In this exhibition of three installations the curator Paul Zika playfully explores the notion of tangibility. Zika has brought together artists whose work at first appears to be both familiar, readily understood and tangible. However the work becomes more ambiguous, and the meaning more elusive the longer one considers it.

In her installation Claire Barclay uses tangible objects created from disconcertingly familiar materials and things. Three hoops sheathed in white fur are at first self evident, until gradually associations between the childhood toys and animal skin become apparent. A pair of translucent, blue-veined pig's ears smelling faintly of rancid lard hang by their silver earrings in the middle of an otherwise pristine white wall. The evocative associations elicit a frisson of recognition which is less cognitive than corporeal, provoked through the object's presence and sensations such as smell and touch. Enticing the viewer to brush against the tousled black feathers and thick down, a 13m black boa is slung diagonally through the space. Operating at a more intimate scale two balls slung in a tightly stitched crochet bag hang from a nail on the wall.

These seductive sculptural objects are sparsely placed in the gallery space; a corrupted minimalism. Seemingly utilitarian shelves and rows of wooden pegs, carefully crafted, seamlessly meld with features of the gallery such as the nondescript concrete columns, the grey carpeted floor, and the white walls. Disrupting distinctions, crimson crayon or lipstick is smeared on the wall behind a wooden bed base, several elastic bands hang from a row of pegs flaunting their subverted utilitarian function and a snakeskin dyed pink, taped to a column, is echoed by a long pink crotchet sock unravelling on the floor.

Stephen Bush and Jan Nelson in their installation titled South Face play with notions of reproduction, repetition and reality. While the work alludes to the tangible, it exploits the viewer's expectation of reality and offers only illusion and deceptions.

A large image of a spectacular mountain range, painted directly onto the gallery walls in ochre red, alludes to the existence of a tangible landscape. However, far from offering us a depiction of a real vista it soon becomes evident that the landscape is not only a copy of an image reproduced in a mountaineering handbook, but the image has been constructed from amalgamating the copied image and its mirrored reflection. Leaning against this image, plaster multiples simulating birch logs, sit on ladder-like shelving. While tangible they inevitably disappoint. Like fake logs in electric heaters they never transcend their nature as simulacra.

Bush and Nelson explore repetition and reproduction of both tangible things and ideas. In one element of the installation titled Conversation between Freud and Darwin, four non-functional plaster pots which parody Wedgwood ceramics, are embossed with the profiles of Freud and Darwin. Of this work Jonathan Holmes writes in the catalogue essay that "the ideas that are 'contained' in their theories have, like everything else in this era of mechanical reproduction, become infinitely reproducible."(1)

A photograph depicting a ready-made installation found in a shopping centre has been included in South Face. It depicts a tawdry stuffed Barbar the 'elephant,' who supposedly brought civilisation back to his kingdom, entrapped on a polystyrene hill amid shoppers and advertising logos.
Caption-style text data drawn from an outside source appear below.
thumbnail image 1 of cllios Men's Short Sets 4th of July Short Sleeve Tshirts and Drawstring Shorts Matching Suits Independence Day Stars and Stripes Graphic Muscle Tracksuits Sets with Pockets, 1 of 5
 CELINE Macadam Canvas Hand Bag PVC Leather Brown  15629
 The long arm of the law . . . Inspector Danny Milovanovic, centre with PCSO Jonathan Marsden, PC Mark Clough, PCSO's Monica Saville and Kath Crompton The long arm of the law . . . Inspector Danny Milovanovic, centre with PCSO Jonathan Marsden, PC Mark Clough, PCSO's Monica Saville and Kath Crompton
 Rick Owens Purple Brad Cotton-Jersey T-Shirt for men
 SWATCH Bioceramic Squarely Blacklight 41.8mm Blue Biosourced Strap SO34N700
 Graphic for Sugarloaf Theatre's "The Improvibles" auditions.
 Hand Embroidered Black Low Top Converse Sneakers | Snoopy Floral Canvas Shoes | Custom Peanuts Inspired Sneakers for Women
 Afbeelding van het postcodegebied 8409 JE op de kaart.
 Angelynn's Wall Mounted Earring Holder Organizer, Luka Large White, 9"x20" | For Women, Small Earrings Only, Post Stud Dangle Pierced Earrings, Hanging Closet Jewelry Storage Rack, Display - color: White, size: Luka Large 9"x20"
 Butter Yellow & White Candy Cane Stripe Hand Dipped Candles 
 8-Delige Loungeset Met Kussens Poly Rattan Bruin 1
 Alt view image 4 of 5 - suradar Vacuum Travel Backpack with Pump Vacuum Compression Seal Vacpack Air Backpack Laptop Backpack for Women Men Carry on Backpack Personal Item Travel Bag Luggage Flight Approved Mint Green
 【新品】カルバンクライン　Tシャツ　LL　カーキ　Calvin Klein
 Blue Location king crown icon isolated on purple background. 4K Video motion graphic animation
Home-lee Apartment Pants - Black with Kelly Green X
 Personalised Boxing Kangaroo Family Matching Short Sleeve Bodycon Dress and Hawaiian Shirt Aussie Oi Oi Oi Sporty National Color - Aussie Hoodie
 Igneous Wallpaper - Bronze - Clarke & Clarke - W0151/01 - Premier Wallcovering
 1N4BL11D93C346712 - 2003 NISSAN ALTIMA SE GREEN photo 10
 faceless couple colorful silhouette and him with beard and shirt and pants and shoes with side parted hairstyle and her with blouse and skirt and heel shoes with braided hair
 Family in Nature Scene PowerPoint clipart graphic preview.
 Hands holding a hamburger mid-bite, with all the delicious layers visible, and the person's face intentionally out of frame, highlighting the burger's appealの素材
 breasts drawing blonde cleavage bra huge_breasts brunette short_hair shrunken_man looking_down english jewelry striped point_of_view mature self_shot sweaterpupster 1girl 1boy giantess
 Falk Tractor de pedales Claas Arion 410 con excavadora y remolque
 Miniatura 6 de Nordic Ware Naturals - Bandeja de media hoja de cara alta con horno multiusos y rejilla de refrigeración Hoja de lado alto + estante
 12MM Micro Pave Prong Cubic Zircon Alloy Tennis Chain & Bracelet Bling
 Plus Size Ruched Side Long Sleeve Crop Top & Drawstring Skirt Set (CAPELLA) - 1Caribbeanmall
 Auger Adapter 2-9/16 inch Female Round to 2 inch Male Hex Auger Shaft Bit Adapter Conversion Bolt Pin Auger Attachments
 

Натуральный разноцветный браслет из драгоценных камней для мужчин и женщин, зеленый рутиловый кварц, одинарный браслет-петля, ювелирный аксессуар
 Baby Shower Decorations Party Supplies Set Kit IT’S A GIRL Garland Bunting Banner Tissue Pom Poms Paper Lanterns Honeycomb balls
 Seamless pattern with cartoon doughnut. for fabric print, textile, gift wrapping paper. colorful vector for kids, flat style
In Bush and Nelson's installation the relationship between the tangible and real is questioned and found to be ambiguous.

John R. Neeson chose the interior of the colonial Powder Magazine, located in the Hobart Domain for his site specific installation titled Sixth Location. In his paintings Neeson intensely scrutinises and realistically depicts tangible aspects of the site. These images are then installed in the very site that they reflect.

In these detailed images the textured surfaces of the site are explored. Flaking olive green paint, irregularities in the wooden boards and dusty white bricks are revealed. The bevelled edge of the wooden panelling creates a strong horizontal line high on the walls. Neeson exploits and incorporates this formal element into his work, emphasising the spatial relationship of the images to each other and the site. On this edge Neeson balances and depicts two circular mirrors, a reflective sphere, and a folded white cloth - iconographic objects which refer to earlier 'relocations.' In the carefully painted reflections of the mirrored surfaces both tangible details of the site such as the austere grace of the arched brick vaults, and ephemeral aspects like the changing quality of light falling on the walls are revealed. Creating a convincing illusion, the architectural space in which the artist and subsequently the viewer physically operate is represented. While Neeson does not depict himself in the reflections, the intensity of the images alludes to the presence of the artist and his interaction within the space over a period of time.

Neeson installed these images, (which playfully incorporate a realistic rendering of an illusionary frame), within the site replacing the same segment of the wall that they represent. While perplexing the vision of the viewer, these images intensify both the experience of the physical site, and the more intangible qualities of interacting within the space.